Pulia Tomato-olive Foccacia

Dripping with olive oil, this foccacia is chewy with a delicious, crunchy bottom.

Ingredients

3⅔ cups bread flour (500g)
5 tsp instant yeast
1 tsp white sugar
2 cups water, cool/room temperature
8 tbsp extra-virgin olive oil, divided
1¾ tsp table salt, divided
1 cup tomatoes, halved cherry or sliced
1 cup Castelvetrano or green olives, pitted and halved
1 tsp dried oregano
¾ tsp ground black pepper

Preparation

1. Using a stand mixer, mix flour, yeast and sugar on medium until combined, about 30 seconds. On low speed, drizzle in the water, then raise back to medium speed to mix until smooth, about 5 minutes. The dough will be very wet. Leave in the bowl, cover and let stand for 10 minutes. Sprinkle 1 tsp salt over the dough and knead (in the mixer) until smooth and elastic, about 5 minutes. (The dough will still stick to the sides of the bowl.) Remove the mixer bowl.

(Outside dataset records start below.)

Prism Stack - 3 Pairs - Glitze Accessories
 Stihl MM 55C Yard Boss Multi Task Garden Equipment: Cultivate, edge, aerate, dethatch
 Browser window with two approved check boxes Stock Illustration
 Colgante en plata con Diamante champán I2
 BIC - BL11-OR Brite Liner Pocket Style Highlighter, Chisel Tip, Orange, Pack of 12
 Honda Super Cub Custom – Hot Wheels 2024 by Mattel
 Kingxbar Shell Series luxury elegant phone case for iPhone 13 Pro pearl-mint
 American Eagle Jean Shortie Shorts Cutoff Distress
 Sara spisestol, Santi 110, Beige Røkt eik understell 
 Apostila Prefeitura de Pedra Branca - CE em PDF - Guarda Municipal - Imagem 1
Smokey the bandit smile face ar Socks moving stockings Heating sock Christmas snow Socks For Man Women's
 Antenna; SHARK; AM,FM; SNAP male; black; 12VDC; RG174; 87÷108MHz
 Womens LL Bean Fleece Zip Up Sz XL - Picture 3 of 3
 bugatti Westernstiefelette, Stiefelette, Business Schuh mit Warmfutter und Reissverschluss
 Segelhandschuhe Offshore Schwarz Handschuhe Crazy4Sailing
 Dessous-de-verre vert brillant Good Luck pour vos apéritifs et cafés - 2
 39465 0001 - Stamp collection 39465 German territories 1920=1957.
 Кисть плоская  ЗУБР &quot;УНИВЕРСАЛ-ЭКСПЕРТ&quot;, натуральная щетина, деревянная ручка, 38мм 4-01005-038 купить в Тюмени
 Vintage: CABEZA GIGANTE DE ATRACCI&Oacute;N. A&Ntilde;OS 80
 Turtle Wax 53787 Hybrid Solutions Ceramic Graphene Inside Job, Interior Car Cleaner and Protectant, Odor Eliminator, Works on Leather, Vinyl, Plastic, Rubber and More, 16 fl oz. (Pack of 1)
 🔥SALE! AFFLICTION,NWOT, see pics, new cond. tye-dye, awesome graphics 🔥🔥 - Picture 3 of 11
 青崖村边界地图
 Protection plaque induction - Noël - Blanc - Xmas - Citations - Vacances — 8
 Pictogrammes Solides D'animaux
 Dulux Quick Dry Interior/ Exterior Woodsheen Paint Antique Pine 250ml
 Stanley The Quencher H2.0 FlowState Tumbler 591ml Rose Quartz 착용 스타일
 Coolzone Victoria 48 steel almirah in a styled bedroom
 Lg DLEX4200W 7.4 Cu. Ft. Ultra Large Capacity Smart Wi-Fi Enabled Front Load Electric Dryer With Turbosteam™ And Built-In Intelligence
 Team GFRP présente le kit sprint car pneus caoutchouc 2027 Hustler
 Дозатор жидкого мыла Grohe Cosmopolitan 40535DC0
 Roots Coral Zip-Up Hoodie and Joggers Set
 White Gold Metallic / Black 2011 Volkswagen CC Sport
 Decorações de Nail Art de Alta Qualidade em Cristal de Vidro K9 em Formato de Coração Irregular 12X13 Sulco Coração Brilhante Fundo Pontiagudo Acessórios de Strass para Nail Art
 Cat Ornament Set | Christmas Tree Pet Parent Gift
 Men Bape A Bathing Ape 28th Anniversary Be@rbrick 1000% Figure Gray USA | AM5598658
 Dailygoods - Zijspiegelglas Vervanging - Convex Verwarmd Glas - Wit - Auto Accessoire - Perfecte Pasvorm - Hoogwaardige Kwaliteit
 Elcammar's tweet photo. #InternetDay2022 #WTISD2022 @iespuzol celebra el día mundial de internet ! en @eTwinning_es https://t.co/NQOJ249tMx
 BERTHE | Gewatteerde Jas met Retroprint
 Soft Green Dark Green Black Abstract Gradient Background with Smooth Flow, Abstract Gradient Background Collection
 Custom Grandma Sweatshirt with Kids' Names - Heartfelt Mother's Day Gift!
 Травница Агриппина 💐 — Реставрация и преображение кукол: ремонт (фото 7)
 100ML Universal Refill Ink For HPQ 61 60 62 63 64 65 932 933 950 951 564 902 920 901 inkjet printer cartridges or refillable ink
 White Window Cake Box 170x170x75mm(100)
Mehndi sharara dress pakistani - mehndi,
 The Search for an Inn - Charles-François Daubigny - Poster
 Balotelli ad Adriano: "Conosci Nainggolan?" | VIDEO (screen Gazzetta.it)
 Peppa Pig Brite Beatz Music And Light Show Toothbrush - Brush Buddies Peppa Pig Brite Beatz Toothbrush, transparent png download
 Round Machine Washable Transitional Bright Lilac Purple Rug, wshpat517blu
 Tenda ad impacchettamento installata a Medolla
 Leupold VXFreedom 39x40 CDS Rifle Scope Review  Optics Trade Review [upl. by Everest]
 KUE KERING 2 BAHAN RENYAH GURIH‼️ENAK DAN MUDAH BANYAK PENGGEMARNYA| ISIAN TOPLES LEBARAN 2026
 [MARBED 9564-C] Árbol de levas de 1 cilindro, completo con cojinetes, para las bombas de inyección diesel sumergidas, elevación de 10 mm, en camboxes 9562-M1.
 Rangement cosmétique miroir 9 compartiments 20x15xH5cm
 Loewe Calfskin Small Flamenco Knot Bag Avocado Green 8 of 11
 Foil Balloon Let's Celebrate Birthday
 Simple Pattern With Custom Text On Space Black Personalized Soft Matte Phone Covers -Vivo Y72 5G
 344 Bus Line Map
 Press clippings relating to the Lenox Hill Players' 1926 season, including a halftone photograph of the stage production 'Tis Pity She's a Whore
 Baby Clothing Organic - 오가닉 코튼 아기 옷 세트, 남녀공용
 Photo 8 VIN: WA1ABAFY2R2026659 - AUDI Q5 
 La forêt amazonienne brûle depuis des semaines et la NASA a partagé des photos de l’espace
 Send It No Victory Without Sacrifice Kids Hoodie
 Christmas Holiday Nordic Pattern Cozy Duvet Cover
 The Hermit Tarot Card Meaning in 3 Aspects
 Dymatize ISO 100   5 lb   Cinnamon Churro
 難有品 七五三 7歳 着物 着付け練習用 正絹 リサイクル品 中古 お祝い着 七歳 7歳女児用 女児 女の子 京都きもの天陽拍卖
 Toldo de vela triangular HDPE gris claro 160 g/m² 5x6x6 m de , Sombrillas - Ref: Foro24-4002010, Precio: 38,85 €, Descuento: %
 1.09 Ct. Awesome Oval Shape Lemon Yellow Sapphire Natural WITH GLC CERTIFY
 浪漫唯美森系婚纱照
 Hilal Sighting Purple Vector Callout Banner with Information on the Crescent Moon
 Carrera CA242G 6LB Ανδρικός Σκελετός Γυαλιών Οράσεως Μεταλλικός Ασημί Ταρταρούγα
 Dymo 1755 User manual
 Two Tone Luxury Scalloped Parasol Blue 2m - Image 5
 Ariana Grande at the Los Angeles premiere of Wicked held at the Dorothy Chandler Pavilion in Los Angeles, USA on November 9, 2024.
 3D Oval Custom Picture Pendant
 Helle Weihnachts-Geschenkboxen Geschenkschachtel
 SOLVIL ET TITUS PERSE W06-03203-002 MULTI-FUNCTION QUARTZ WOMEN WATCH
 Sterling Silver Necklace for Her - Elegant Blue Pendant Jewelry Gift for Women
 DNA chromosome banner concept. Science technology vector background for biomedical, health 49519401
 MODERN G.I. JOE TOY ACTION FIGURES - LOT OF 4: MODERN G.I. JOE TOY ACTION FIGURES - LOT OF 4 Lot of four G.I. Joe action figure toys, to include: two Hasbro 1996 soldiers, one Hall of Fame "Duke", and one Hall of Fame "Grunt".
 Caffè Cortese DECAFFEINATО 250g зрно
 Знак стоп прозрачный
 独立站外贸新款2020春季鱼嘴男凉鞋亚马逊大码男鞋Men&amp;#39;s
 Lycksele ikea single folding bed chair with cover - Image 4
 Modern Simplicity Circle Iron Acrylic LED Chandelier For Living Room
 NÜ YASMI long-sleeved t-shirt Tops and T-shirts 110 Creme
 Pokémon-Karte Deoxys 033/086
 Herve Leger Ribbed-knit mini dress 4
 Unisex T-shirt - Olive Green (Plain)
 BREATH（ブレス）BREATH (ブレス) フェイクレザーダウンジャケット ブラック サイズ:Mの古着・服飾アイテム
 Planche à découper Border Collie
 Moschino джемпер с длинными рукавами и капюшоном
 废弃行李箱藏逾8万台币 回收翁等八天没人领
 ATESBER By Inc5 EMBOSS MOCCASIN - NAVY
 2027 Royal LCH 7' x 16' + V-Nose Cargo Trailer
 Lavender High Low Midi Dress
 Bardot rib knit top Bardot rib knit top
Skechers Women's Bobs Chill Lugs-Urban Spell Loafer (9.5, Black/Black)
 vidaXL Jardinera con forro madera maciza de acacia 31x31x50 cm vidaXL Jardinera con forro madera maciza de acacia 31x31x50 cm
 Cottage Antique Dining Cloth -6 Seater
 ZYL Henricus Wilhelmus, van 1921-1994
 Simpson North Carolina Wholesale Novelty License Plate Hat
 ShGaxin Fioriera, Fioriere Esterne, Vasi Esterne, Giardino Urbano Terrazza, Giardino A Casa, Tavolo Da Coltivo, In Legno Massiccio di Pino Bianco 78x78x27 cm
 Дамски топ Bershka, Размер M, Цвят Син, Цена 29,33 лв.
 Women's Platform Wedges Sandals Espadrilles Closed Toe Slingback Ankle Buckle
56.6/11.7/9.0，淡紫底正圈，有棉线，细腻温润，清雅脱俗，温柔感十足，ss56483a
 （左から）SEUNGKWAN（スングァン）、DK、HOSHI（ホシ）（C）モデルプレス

2. Coat a large bowl's inside completely with 2 tbsp of the olive oil. Pour and scrape the dough into the oiled bowl using a silicone spatula. Dab the top of the dough with olive oil to ensure it doesn't dry out. Cover loosely with plastic wrap and let stand at room temperature for 5-6 hours. Observe that the dough will double in volume, deflate, then rise again (but not to double)—this is all good.

3. Before the 6 hours are up, preheat your oven with a steel or stone in it to 500° F. Spray a 13 × 9 baking pan with PAM. Pour 2 tbsp olive oil in the center of this pan.

4. When the dough is ready, pour and scrape it into the baking pan. It will self-level a bit, but you'll encourage the dough into the corners with oiled fingers, but take care not to deflate it. Allow it to stand at room temperature for 20 minutes, meanwhile...

5. Crush the tomatoes; losing excess moisture. (They don't need to be dry, but neither do you want much tomato liquid.) Distribute the olives and tomato halves (or slices) over the top of the dough.

6. Drizzle the remaining 4 tbsp olive oil over the whole especially coating the tomatoes. Sprinkle with oregano, the remaining ¾ tsp salt and the pepper.

7. Bake with pan on the steel or stone until golden brown and the sides of the foccacia pull away from the pan, 20-22 minutes. Remove the pan to cool for 5 minutes, then use a large spatula to lift the foccacia from the pan onto a rack. Cool for 30 minutes before cutting into squares and eating.